Today is Tuesday, we moved on Saturday to Springfield Farm. It's a gorgeous piece of property on 115 acres, lakefront on the property, and it's an old house. Craftymama and I have been commenting that maybe we just belong in old houses, we always feel more at home in them. To be honest, this feels more like home already than any house has since the green house all those years ago. Now here's hoping we can stay here for awhile - the owner lives partially on the property (in a yurt) and partially up island where the rest of his family currently lives. His place up island is only leased for 6 months, so we only have this place for a guaranteed 6 months. We are hoping it's much longer than that. Craftymama is already talking about livestock that she wants (chickens, goats, ducks...) and there are already llamas and sheep on the property. There is another family on the property with kids who homeschool so it's quite a good fit. Already the kids are all playing together, and going on adventures. They have now been told, after BigR went missing for a couple of hours, that when they go on adventures they need to tell someone. 115 acres is a big piece of land that will be easy for them to get lost in. It's a very cool place to grow up.
I started a new job yesterday. I am an office assistant for Country Chic Paint. It's a very different job from my transfer service, medicinal cannabis and coffee shop background. I've done office work before at Salvation Botanicals, so the work itself isn't hard or new, it's just learning a new company and new styles of doing things. It's weird - already. I miss being at home, miss doing the school stuff. I get home around 5:00p, and half the kids are in bed by 6:30p. I hardly see them. It will be great, financially speaking, for me to be working full time again, especially at the decent wage I am starting at. Granted, some of the money will be going towards the upcoming bankruptcy, but it needs to happen.
I'm really wanting to take a Vipassana Meditation Course. I had signed up for one in January - but I needed my dr. to sign off on me going, and I knew he wouldn't so I didn't even ask. I wish to explore that side of my spirituality.
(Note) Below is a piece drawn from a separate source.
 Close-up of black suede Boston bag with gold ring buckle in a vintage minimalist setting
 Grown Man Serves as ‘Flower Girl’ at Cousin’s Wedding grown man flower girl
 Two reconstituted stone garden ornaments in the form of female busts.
J has not been put down in 4 days now. He was up with craftymama all during the move, and just hasn't gone down yet. I know I know what that's like as that's very similar to how LittleR was when she was a baby. I know it's exhausting, and I wish there was something I could do. I don't really think there is though, I think it's just something he has to go through, and then it will pass, and then she will miss it. Parents are crazy like that.
SisterE and I are talking again, which is wonderful. I don't want to be estranged from my family. I have tried texting my mom but to no avail. I think I just need to give her more time, or something. She can't ignore me forever. Craftymama's dad and I, on the other hand, have been getting closer. I stay with him when I have to spend the night in Nanaimo, and he is always willing to help by picking me up and dropping me off at appointments. He has always been understanding of what's going on with me and never once judged me or made me feel like less of a person. It feels weird being close to someone else's parent in that way - where you depend on them, and grow to trust them. Apparently, he thinks of me like another daughter, which is nice to hear. He has become a valuable and much loved member of my family. He even helped us get this house! I honestly don't know what I'd do without him sometimes. Craftymama takes after him in a lot of ways, it's one of the reasons she is so awesome I'm sure.